** To do **
Find the line containing "LOCAL COMMERCIAL 200M2 ZONE ARNOUVILLE". Reproduce it and every line after it up to the end of the records, exactly as written.

■ ■ ■ ■ ■ ■ ■

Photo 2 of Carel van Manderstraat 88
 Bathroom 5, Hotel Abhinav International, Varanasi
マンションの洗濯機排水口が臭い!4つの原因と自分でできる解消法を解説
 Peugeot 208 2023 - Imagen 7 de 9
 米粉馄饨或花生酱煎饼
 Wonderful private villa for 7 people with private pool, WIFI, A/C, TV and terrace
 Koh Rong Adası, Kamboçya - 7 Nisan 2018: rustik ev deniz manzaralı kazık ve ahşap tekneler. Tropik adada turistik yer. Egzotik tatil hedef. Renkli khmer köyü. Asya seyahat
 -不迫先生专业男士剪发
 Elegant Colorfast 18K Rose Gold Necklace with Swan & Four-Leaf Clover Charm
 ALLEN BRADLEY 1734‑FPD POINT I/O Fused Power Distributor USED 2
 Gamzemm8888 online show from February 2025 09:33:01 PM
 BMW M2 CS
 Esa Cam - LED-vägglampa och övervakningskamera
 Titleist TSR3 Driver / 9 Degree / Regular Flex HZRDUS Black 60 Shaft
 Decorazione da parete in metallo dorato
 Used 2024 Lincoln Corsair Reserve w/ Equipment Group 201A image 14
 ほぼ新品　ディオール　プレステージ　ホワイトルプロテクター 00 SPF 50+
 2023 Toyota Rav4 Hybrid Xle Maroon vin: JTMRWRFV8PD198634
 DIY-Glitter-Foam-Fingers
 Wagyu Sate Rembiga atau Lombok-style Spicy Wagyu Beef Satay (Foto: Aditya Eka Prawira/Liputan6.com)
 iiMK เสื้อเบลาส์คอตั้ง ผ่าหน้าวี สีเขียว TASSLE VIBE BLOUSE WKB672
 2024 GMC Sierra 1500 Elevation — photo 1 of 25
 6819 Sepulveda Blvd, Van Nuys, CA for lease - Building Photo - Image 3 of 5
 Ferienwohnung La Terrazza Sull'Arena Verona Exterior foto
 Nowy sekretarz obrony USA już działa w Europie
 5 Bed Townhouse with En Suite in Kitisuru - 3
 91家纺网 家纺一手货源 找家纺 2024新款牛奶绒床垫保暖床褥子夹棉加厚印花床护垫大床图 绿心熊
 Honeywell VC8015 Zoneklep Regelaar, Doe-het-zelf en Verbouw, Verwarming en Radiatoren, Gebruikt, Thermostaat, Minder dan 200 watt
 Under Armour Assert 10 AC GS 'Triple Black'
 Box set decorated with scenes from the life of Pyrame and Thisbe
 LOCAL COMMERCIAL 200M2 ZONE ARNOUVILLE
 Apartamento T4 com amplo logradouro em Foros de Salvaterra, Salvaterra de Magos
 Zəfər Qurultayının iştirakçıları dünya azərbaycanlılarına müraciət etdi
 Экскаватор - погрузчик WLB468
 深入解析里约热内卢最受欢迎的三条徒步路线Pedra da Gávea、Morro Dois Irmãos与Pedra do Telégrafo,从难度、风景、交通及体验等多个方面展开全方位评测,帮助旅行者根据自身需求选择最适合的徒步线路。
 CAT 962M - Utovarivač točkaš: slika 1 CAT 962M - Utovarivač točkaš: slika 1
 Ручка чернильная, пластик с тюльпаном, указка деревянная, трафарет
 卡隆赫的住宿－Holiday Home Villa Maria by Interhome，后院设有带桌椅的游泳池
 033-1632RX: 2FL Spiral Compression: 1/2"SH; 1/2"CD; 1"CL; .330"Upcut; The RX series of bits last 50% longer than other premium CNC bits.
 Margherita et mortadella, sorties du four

■ ■ ■ ■ ■ ■ ■

** Your response **
 LOCAL COMMERCIAL 200M2 ZONE ARNOUVILLE
 Apartamento T4 com amplo logradouro em Foros de Salvaterra, Salvaterra de Magos
 Zəfər Qurultayının iştirakçıları dünya azərbaycanlılarına müraciət etdi
 Экскаватор - погрузчик WLB468
 深入解析里约热内卢最受欢迎的三条徒步路线Pedra da Gávea、Morro Dois Irmãos与Pedra do Telégrafo,从难度、风景、交通及体验等多个方面展开全方位评测,帮助旅行者根据自身需求选择最适合的徒步线路。
 CAT 962M - Utovarivač točkaš: slika 1 CAT 962M - Utovarivač točkaš: slika 1
 Ручка чернильная, пластик с тюльпаном, указка деревянная, трафарет
 卡隆赫的住宿－Holiday Home Villa Maria by Interhome，后院设有带桌椅的游泳池
 033-1632RX: 2FL Spiral Compression: 1/2"SH; 1/2"CD; 1"CL; .330"Upcut; The RX series of bits last 50% longer than other premium CNC bits.
 Margherita et mortadella, sorties du four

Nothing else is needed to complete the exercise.